Next, examine CloudTrail API calls for signs of:

- Unusual enumeration (e.g., ListUsers, ListRoles, ListBuckets)
- Data access (e.g., GetObject on sensitive S3 buckets)
- Activity from unusual regions
- Activity from unexpected IAM roles or assumed roles

**Your job:**

- Identify API calls that look out of place or risky.
- Correlate them with IAM events when possible (same user/role, similar time).

In [None]:
# Example: top API actions
cloud_api_df['event_name'].value_counts().head(20)

In [None]:
# TODO: Explore CloudTrail API calls for suspicious behavior
# Ideas:
# - Filter for List*, Describe*, GetObject, AssumeRole, GetCallerIdentity
# - Look at calls from unusual regions
# - Look at calls made by roles that recently changed in IAM

# Write your exploration code here.


## 6. Optional — Network perspective (if available)

If `network.csv` is present, you can:

- Look for outbound connections to unusual destinations.
- Correlate timing with data access events (e.g., S3 downloads followed by egress).

This step is optional and depends on whether the scenario includes network logs.

In [None]:
# TODO: If network_df is available, explore for possible exfiltration or unusual egress.
# Example ideas:
# - Look at connections to rare IPs or regions
# - Look at spikes in outbound traffic

if network_df is not None:
    display(network_df.head())
    # Add your exploration code here.
else:
    print("No network data available for this scenario.")

## 7. Extract Indicators of Compromise (IOCs)

Based on your investigation, extract IOCs such as:

- Suspicious IAM users or roles
- Suspicious AWS account IDs
- Suspicious IP addresses (if present)
- Suspicious ARNs (roles, policies, resources)

**Your job:**

- Build a list of IOCs that you believe are relevant to this scenario.
- These should be values you might use in detections, alerts, or block lists.

In [None]:
# TODO: Populate this list with your identified IOCs.
# Examples (replace with your findings):
# ioc_list = [
#     "arn:aws:iam::123456789012:user/suspicious_user",
#     "arn:aws:iam::123456789012:role/CompromisedRole",
#     "198.51.100.10"  # suspicious IP, if present
# ]

ioc_list = []  # Replace with your IOCs
ioc_list

## 8. MITRE ATT&CK mapping (Cloud‑relevant)
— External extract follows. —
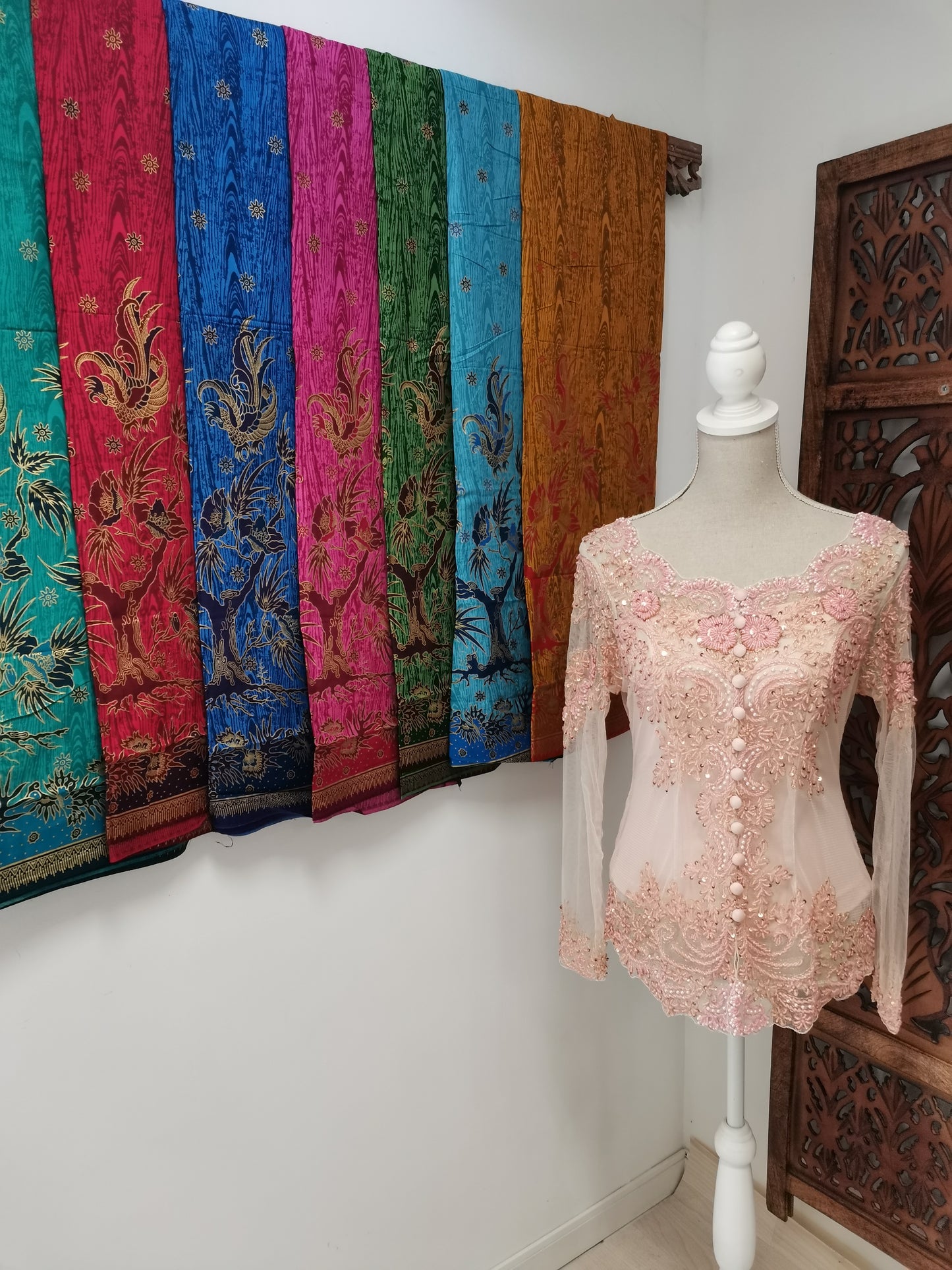 Traditionele sarong Prada Batik Bali - Feniks oranje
Map the observed behavior to MITRE ATT&CK techniques.

Some cloud‑relevant examples (not exhaustive):

- `T1078` — Valid Accounts (use of compromised IAM user/role)
- `T1098` — Account Manipulation (adding keys, changing policies)
- `T1087` — Account Discovery (ListUsers, ListRoles)
- `T1530` — Data from Cloud Storage Object (S3 GetObject)
- `T1110` — Brute Force (if applicable)

**Your job:**

- Choose one or more ATT&CK technique IDs that best describe the activity.
- Store them as a list of strings.

In [None]:
# TODO: Add relevant MITRE ATT&CK technique IDs.
# Example (replace with your choices):
# mitre_mapping = ["T1078", "T1098", "T1530"]
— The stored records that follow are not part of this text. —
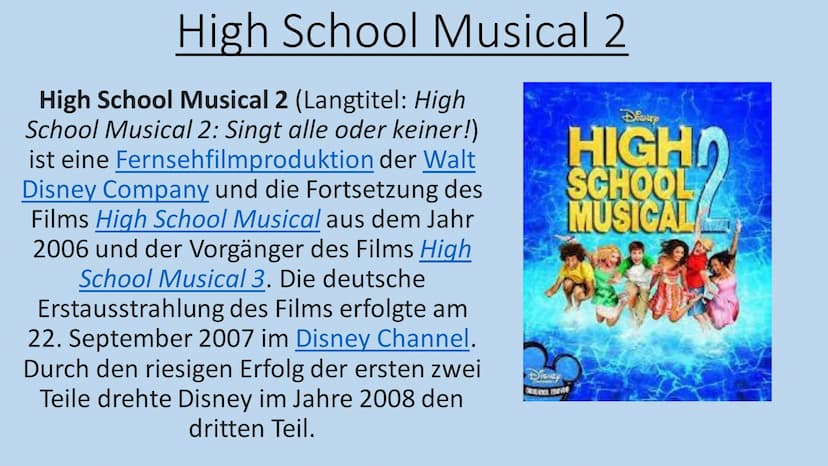 HIGH SCHOOL MUSICAL
HIGH
SCHOOL
MUSICAL Inhalt:
• High School Musical 1
High School Musical 2
High School Musical 3
●
●
Tournee
• Vanessa An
mitre_mapping = []  # Replace with your chosen techniques
mitre_mapping

## 9. Triage summary

Write a short narrative summary of what you believe happened in this AWS environment.

Consider including:

- How initial access was obtained (if visible)
- How privileges were escalated or misused
- What resources were accessed or exfiltrated
- Key IOCs and MITRE techniques
- Your assessment of impact and severity

**Your job:**

- Write a concise but clear triage summary in your own words.

In [None]:
# TODO: Write your triage summary here.

triage_summary = ""  # Replace with your summary
triage_summary

## 10. Save SOC output

This cell saves your work in a structured format for automated grading.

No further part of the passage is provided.